-- Opening Marker --

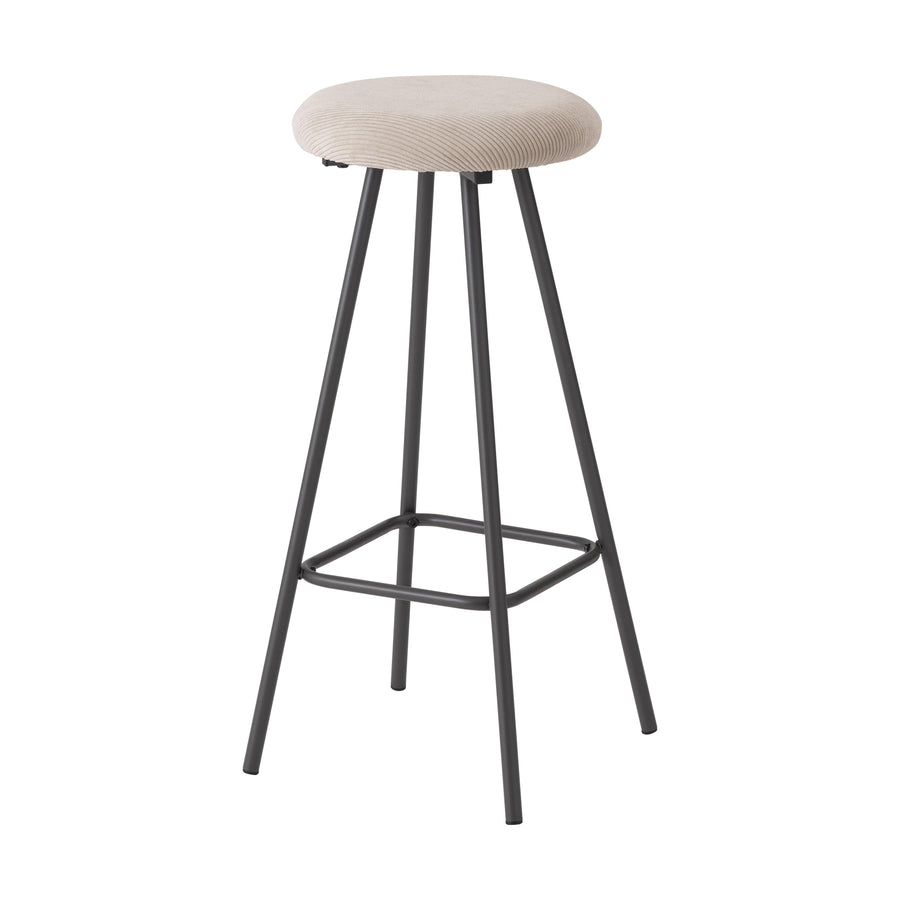 High stool, light grey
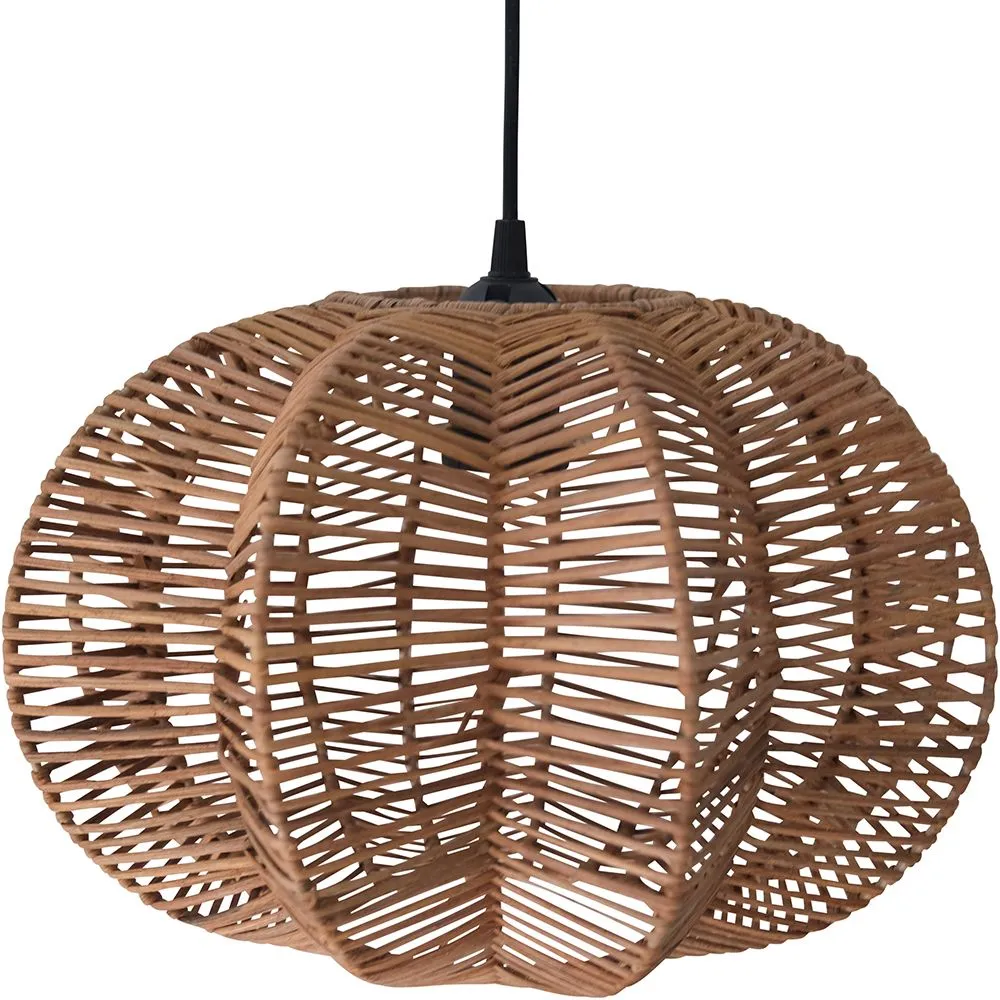 Lampa sufitowa z rattanu - Lampa wisząca w stylu boho Bali - Pya image 8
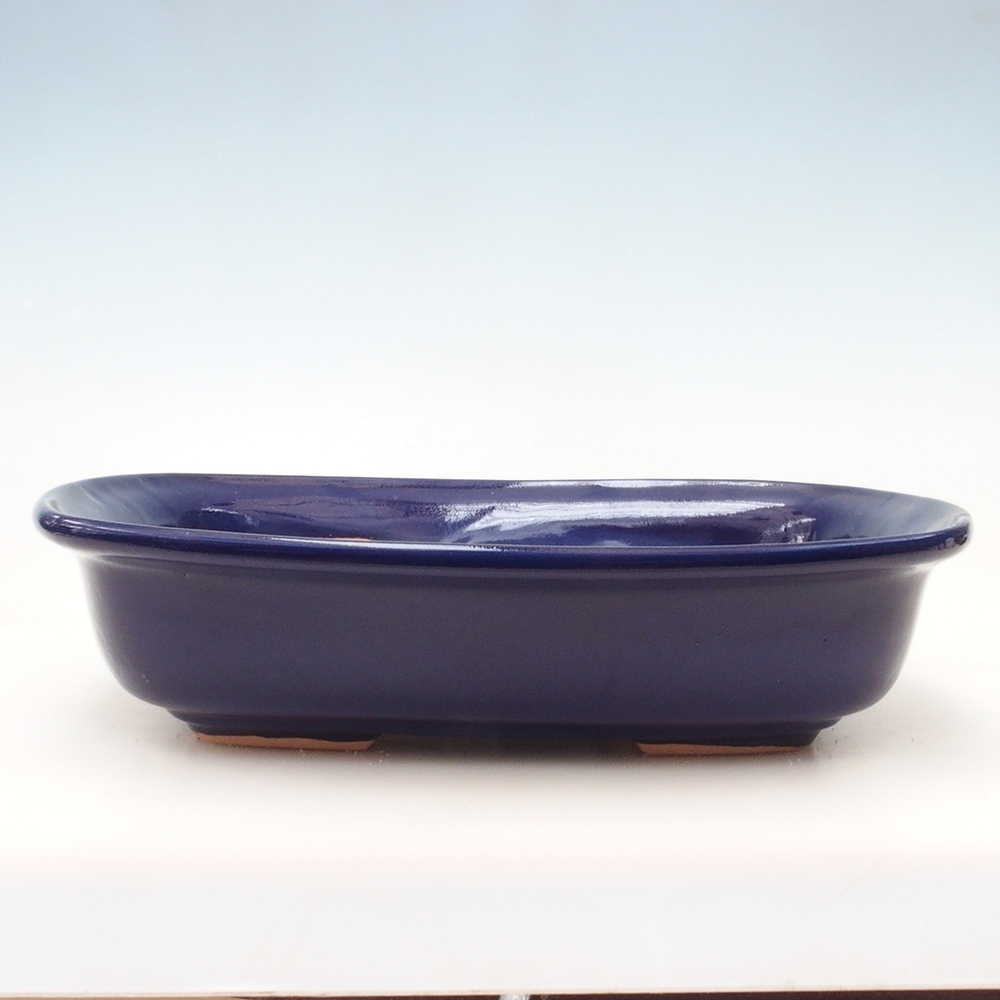Bonsai bowl H10 - 37 x 28 x 9 cm. - niebieski
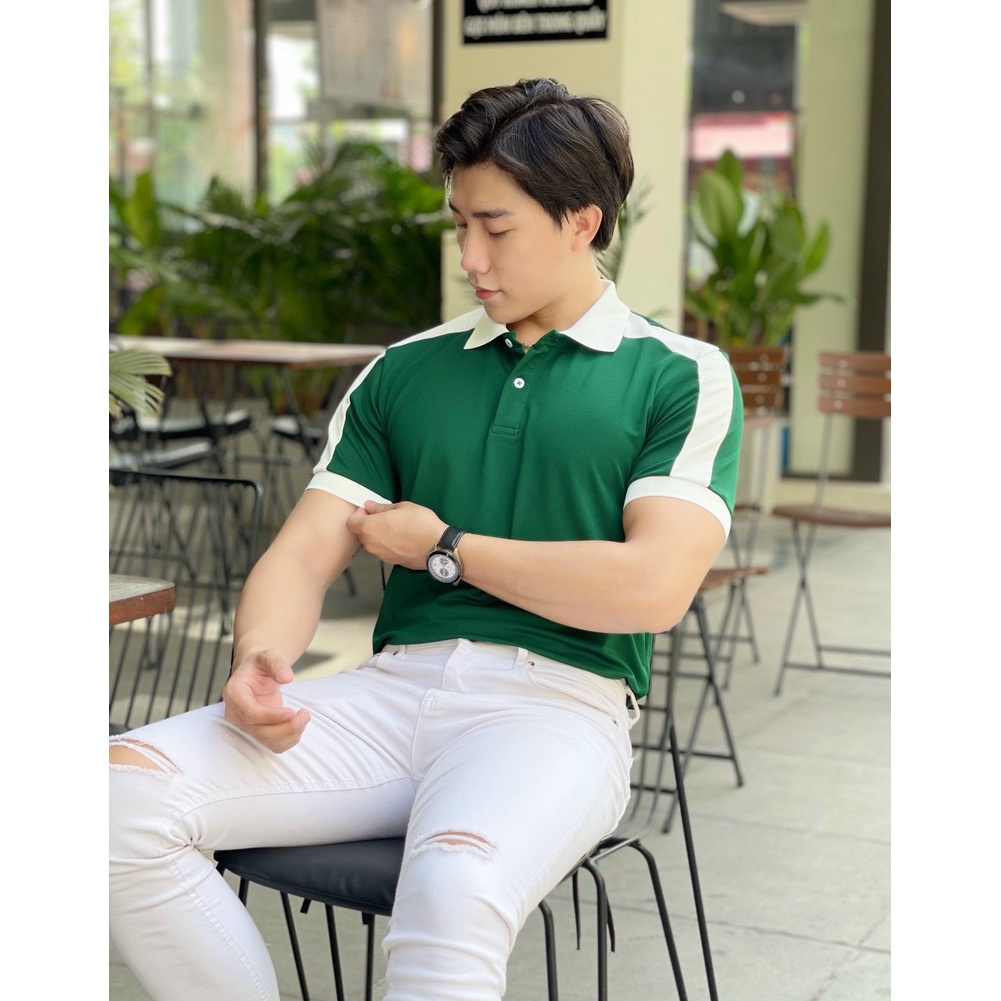Áo polo nam cổ bẻ vải cá sấu Cotton xuất xịn,chuẩn form, sang trọng - thanh lịch TB07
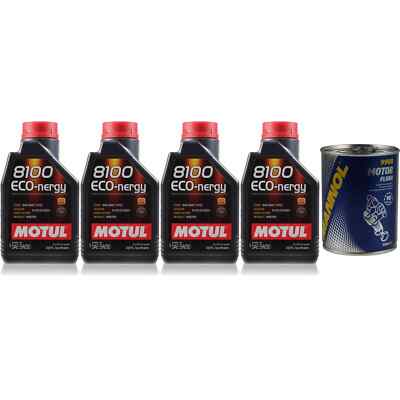 4L Motoröl Motul 8100 Eco-nergy 5W30 1x MANNOL Motor Flush ADDITIV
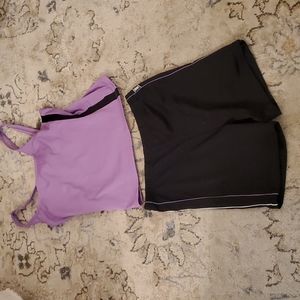 Running shorts, top and new pants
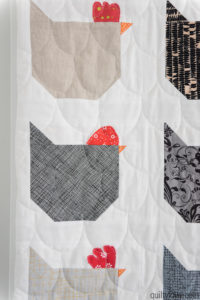 chicken quilt by emily of quiltylove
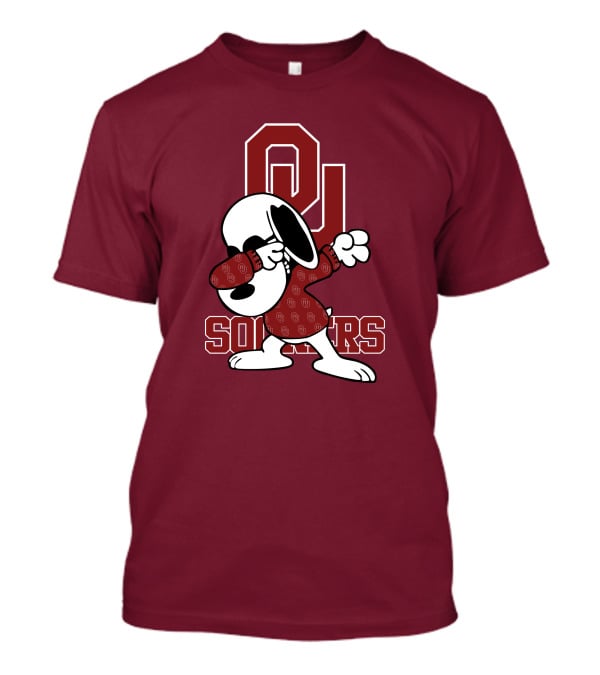 OU Sooners Snoopy Dabbing T-Shirt
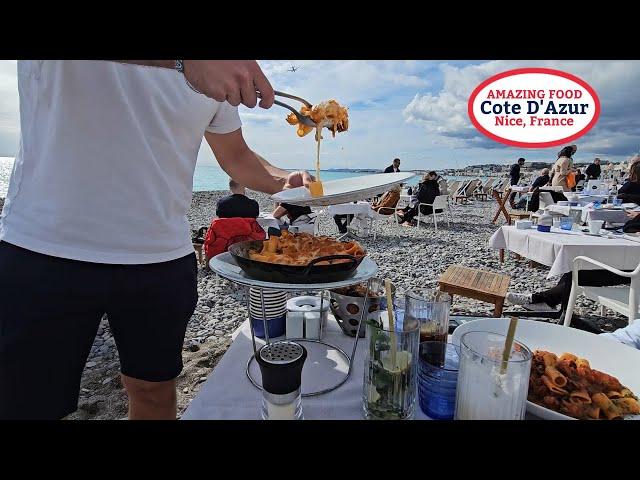 Amazing Food in Nice France | Cote d'azur Beach | KJ and Tony Love France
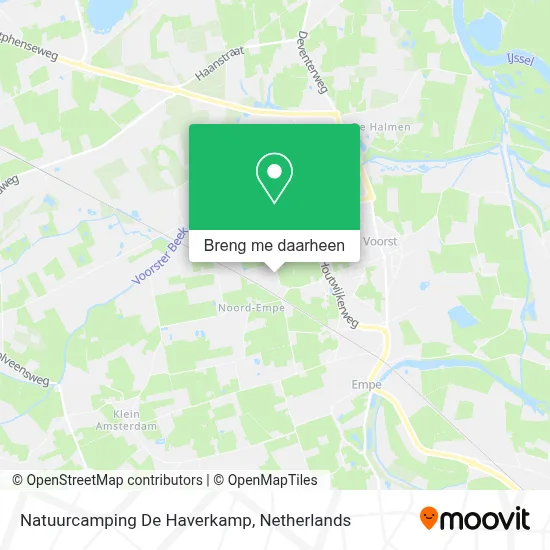 Natuurcamping De Haverkamp kaart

-- Closing Marker --

## PROBLEM REQUIREMENTS
Excluding images, return all of the records above word for word.

## ANSWER BELOW
 High stool, light grey
 Lampa sufitowa z rattanu - Lampa wisząca w stylu boho Bali - Pya image 8
Bonsai bowl H10 - 37 x 28 x 9 cm. - niebieski
Áo polo nam cổ bẻ vải cá sấu Cotton xuất xịn,chuẩn form, sang trọng - thanh lịch TB07
 4L Motoröl Motul 8100 Eco-nergy 5W30 1x MANNOL Motor Flush ADDITIV
 Running shorts, top and new pants
 chicken quilt by emily of quiltylove
 OU Sooners Snoopy Dabbing T-Shirt
 Amazing Food in Nice France | Cote d'azur Beach | KJ and Tony Love France
 Natuurcamping De Haverkamp kaart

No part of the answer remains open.